While most of the answers were calculated, which I understand, no one really hit the nail on the head there. Toto Wolff said “…we are on the verge of probably entering into a new era, where its going to transition into the digital world…” However, in the previous question about showcar teams, Wolff states they get 50,000 new likes on a good day on their Facebook page. I think these statements mostly sold me on the idea that there are few people in charge in Formula 1 that understand the value of social media.
So on one hand you say that social media is working out great for your brand, then in the next line of questioning you say you think you are embarking on a new digital platform? The digital platform is here, and it has been. Its waiting for you to take control of your commercially available content and make it available for people to watch, and more importantly, interact with.
To tell you how long this has been going on, Adam Parr of Williams had an interesting chat about social media, in 2011, “Rubens [Barrichello] has more than a million followers on Twitter, of whom a significant proportion are Brazilian. For Renault, Brazil is a key market and when Rubens is sitting in Grove at the launch of our new partnership and he’s tweeting that we’re back with Renault and this is fantastic news, a million people, who have opted to follow him, get an endorsement of Renault which is not commercially driven…How do you quantify what that’s worth? How many TV adverts of a Clio is that worth? He didn’t charge anything for that, there is no cost to that, but it just gives you an insight into the possibility. And that is nothing to do with how you broadcast race feeds.” These are the relationships that you enter into, when you hire a professional to be a part of your brand.

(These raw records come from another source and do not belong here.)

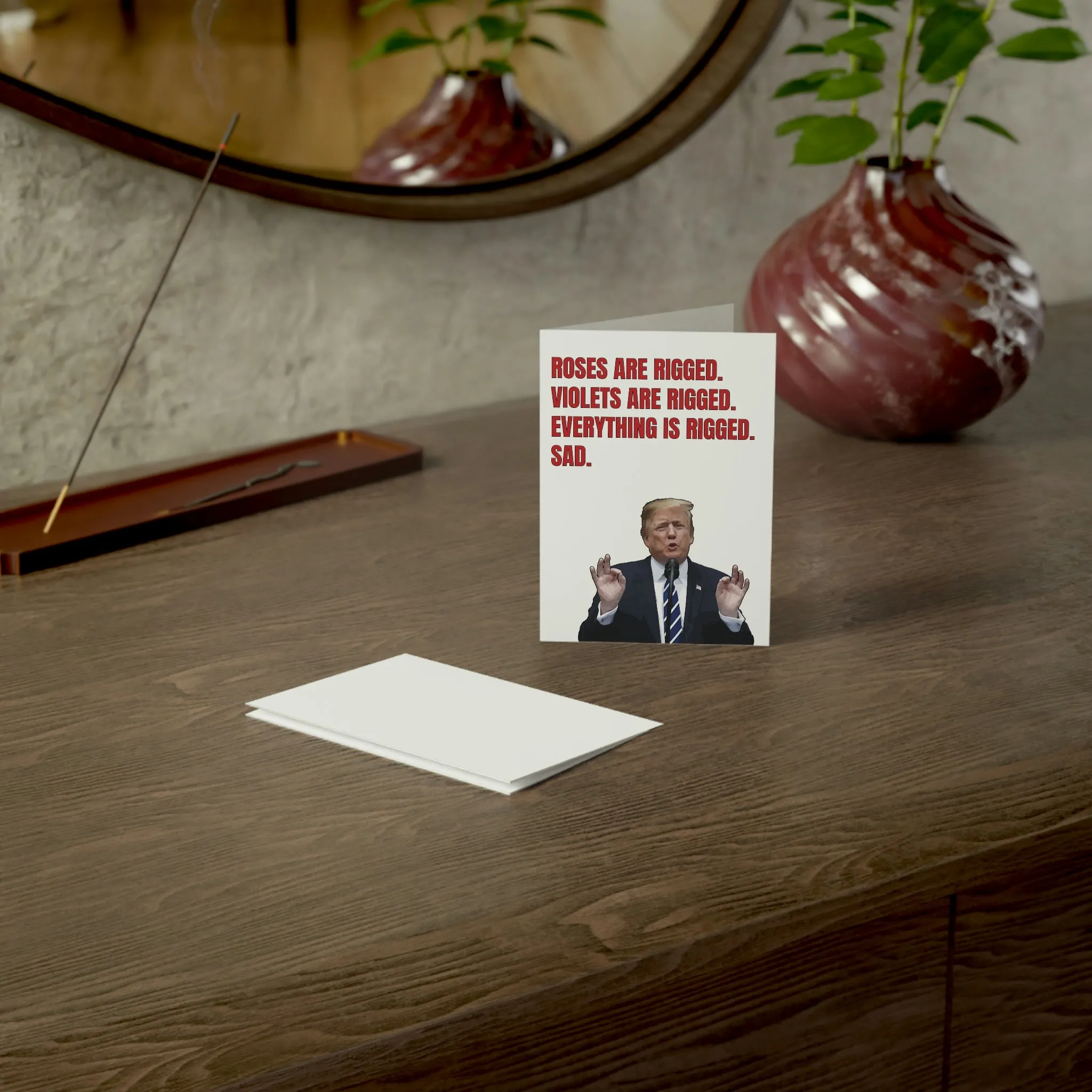 Roses Are Rigged. Violets are Rigged. Everything is Rigged. Sad. Trump Greeting Card (1, 10, 30, and 50pcs)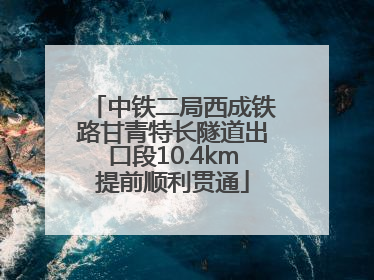 中铁二局西成铁路甘青特长隧道出口段10.4km提前顺利贯通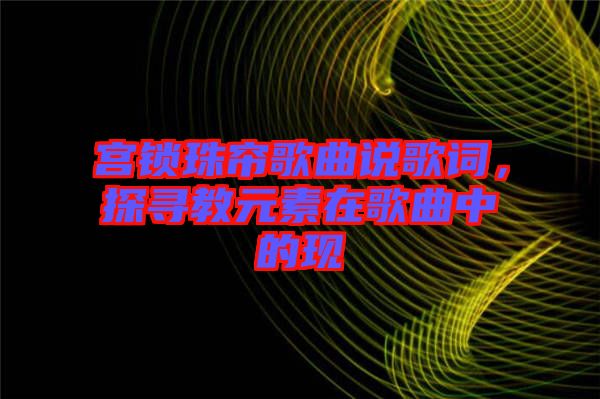宮鎖珠簾歌曲說歌詞，探尋教元素在歌曲中的現(xiàn)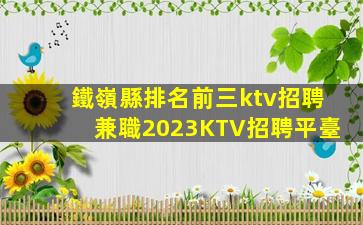 鐵嶺縣排名前三ktv招聘兼職2023KTV招聘平臺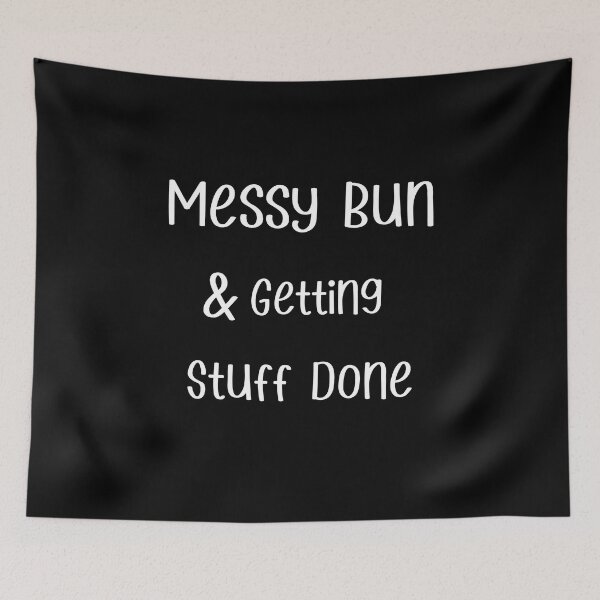 Item preview, Messy Bun And Getting Stuff Done designed and sold by just be  elegant.
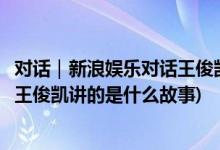 对话｜新浪娱乐对话王俊凯：分析《断桥》的细腻感情(断桥王俊凯讲的是什么故事)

Another example is Alain “The Professor” Prost. He’d not ventured onto Twitter until July 23rd 2014.
As of the writing of this article he already has close to 7,000 followers. That’s 700 followers a day for someone who is a historical racing figure and part of a new FormulaE team. This is how social media works. The populous want to know what The Professor has to say, and Twitter is the perfect place to share it. He’s shared information about his FormulaE team, and a picture of him relaxing by the pool.
Formula 1 is a worldwide brand and it should stay that way. The more you limit your social stances for FOM and Formula 1, the more you are losing. Sometimes you have to take a chance and invest in something you aren’t sure will work.
This is one of those things. You don’t want to wait until you have to get into damage control to enter the social aspect of sport.